Further explaining his point, Dassanayake said BCCI extending a helping hand to Nepal in the aftermath of the devastating earthquake shows it believes in the abilities of the team.
“We were trying to approach BCCI even before but with the last World T20, Nepal showed how good they are. BCCI too are now very positive (about the team) and I am looking forward to have a longer support from them. Nepal has the capacity to become a full member country but for that to happen it needs help from full members around,” said the Kandy-born player turned coach.
Nepal made its presence felt on the big stage by qualifying for the World T20 in Bangladesh in 2014.
Dassanayake is confident of another qualification for the 2016 edition but says the team could take at least 6-8 years to become a force to reckon with.

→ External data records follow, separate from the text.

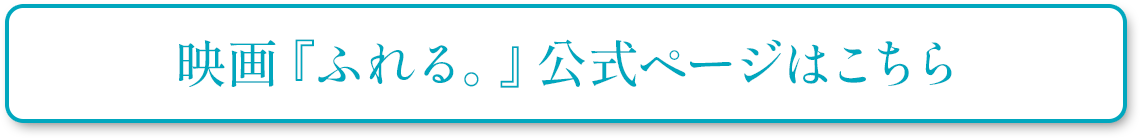 映画『ふれる。』公式ページはこちら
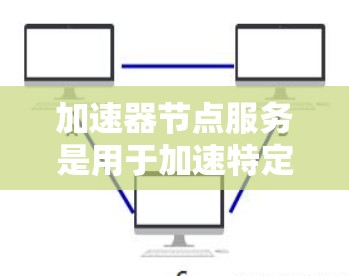 加速器节点服务是用于加速特定设备的设备,帮助提升设备性能。以下是关于加速器节点服务的详细总结 加速器节点服务是用于加速特定设备的设备,帮助提升设备性能。以下是关于加速器节点服务的详细总结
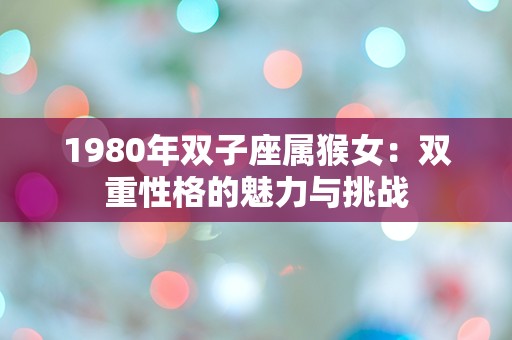 1980年双子座属猴女：双重性格的魅力与挑战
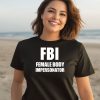 Ratlimit Fbi Female Body Impersonator Shirt2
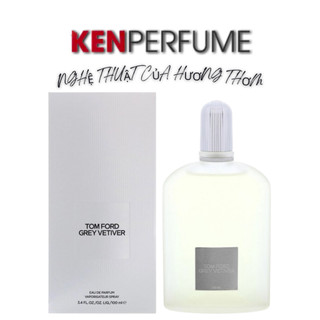 [Mẫu Thử 10ML] - Nước Hoa Nam †F Grey Vetiver EDP | Ken Perfume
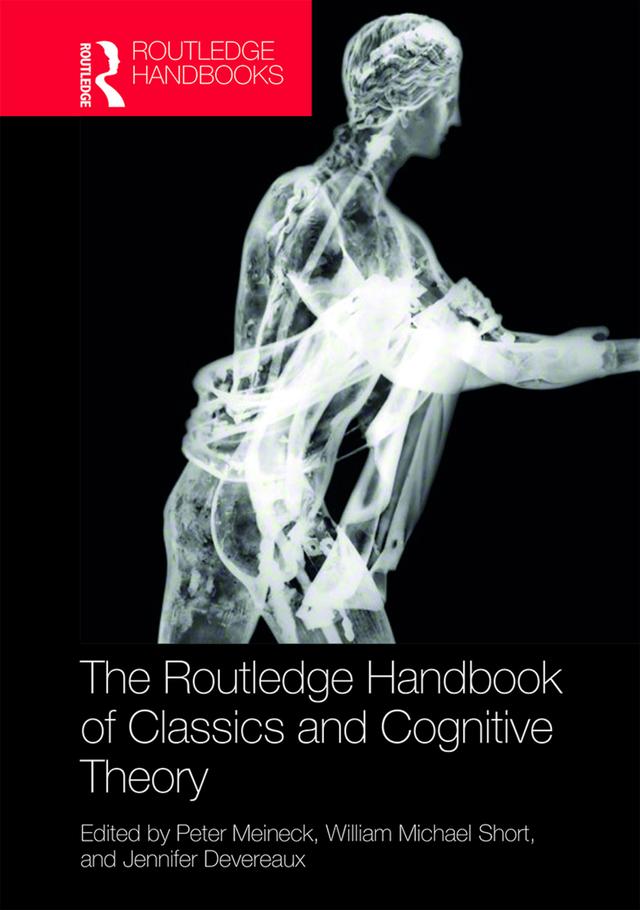 The Routledge Handbook of Classics and Cognitive Theory by Jennifer Devereaux, Peter Meineck, William Michael Short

“Within 6 to 8 years, Nepal can be a strong outfit. They have the capacity, the talent is there like any other Asian country. What is missing is the structure, things like proper tournaments and good facilities. Until that happens, they will continue to tour countries for camps and competitions,” said Dassanayake, who has also coached Canada in the past and is now based out of the North American nation.
Dassanayake’s predecessor in Nepal was fellow Sri Lankan and Sri Lanka’s first ever batting great Roy Dias. He took over from Dias after coaching Canada to the 2011 World Cup.
Though he now lives in Canada, Dassanayke is enjoying his time in Nepal more.
“I am enjoying my job with Nepal more than my stint with the Canadian team. I did not enjoy as much in Canada probably because of the culture differences. Plus Nepal is a country that you cannot miss. There is so much interest in the game. When there is a game in Kathmandu, the small stadium there is packed. The people want to know about the players,” he said.